Se odia a las FARC, es un deporte nacional odiar a la guerrilla, como resultado de sus abusos y de la campaña de odio promovida, con eficacia comunicacional destacable, por una oposición que parece haber descubierto el potencial electoral del odio; se desconfía del Gobierno y de sus acuerdos con la guerrilla, que se miran como concesiones excesivas otorgadas como parte de una política oficial.

Se les cree más a los sentimientos que a los hechos, de modo que el odio, las adhesiones fanáticas o los rechazos viscerales, manipulados por los grupos políticos, rinden resultados electorales sin que el razonamiento sereno o los programas sesudamente elaborados tengan posibilidades.

La actividad delincuencial de grupos armados ilegales: el Cartel del Golfo, dedicado al narcotráfico; las bandas criminales constituidas por antiguos paramilitares; grupos de las FARC que se han separado de los dirigentes que firmaron los acuerdos y el ELN, que combina las acciones terroristas con las conversaciones de paz en Quito, crean un clima de inseguridad y desconfianza que esteriliza los esfuerzos para consolidar la paz.

La desconfianza

Otro efecto de esa situación es el de la desconfianza frente a los hechos con que se manifiesta el logro de la paz. Lo que la opinión internacional aplaude como una victoria del presidente Santos, en el interior del país se mira con reserva y desconfianza.

Aparte del ambiente adverso que crean los intereses y odios políticos de un país que ha entrado en un año preelectoral, están el rechazo a las FARC, el cansancio por los casi cinco años de las conversaciones de paz en La Habana y, sobre todo, la percepción inducida por la oposición, de que en la mesa de conversaciones con las FARC el Gobierno entregó todo con tal de obtener la victoria política del anuncio de la paz.

Así, el episodio de la entrega de las armas puede ser visto o como un último y definitivo paso hacia la paz o como un avance hacia otro paso, este sí definitivo, el del desarme de los espíritus.

Hay mucho odio detrás de ese 81% de colombianos con opinión desfavorable sobre las FARC; hay un 64% que los quiere fuera de la política. Y hay un 71% que no aprueba que puedan tener su propio partido. Son mayoría los que no los quieren como compañeros de trabajo y los que les negarían trabajo en sus empresas o negocios. Cuando se preguntó si consentirían en tenerlos como vecinos o como compañeros de estudio, la mayoría dijo NO.

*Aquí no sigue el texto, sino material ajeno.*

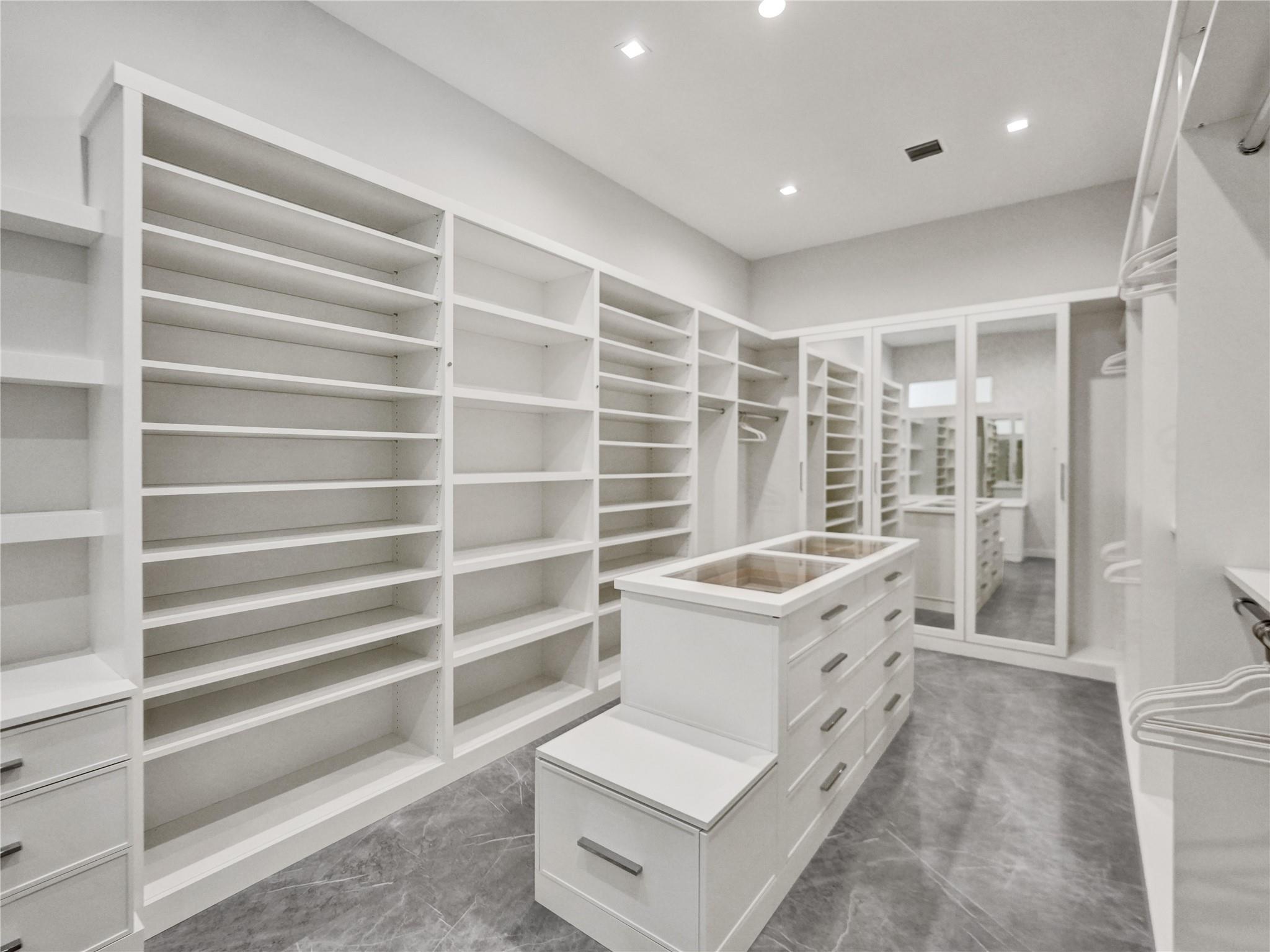 7 Seneca Road, Sea Ranch Lakes, FL 33308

En un país así de radicalizado, se explica la indiferencia con que ha sido vista la entrega de armas de la guerrilla y la urgencia de acometer una operación desarme de los espíritus.

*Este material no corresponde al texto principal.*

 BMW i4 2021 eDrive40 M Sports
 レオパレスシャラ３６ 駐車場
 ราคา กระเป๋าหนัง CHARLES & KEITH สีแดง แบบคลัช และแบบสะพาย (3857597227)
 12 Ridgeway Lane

Las actividades de preparación de la visita papal de septiembre giran alrededor de ese desarme.

Interrogado sobre el resultado deseable de esa visita, el embajador de Colombia ante la Santa Sede fue categórico: “el Papa viene a blindar espiritualmente el proceso de paz, o sea, a recuperarle al país la capacidad de pensar en la dignidad de las personas, en los derechos humanos y en la necesidad de generar convivencia”.

Es un desafío al que el país podrá responder con el esfuerzo para tener un alma nueva, distinta de la que le dejó en trizas una larga violencia.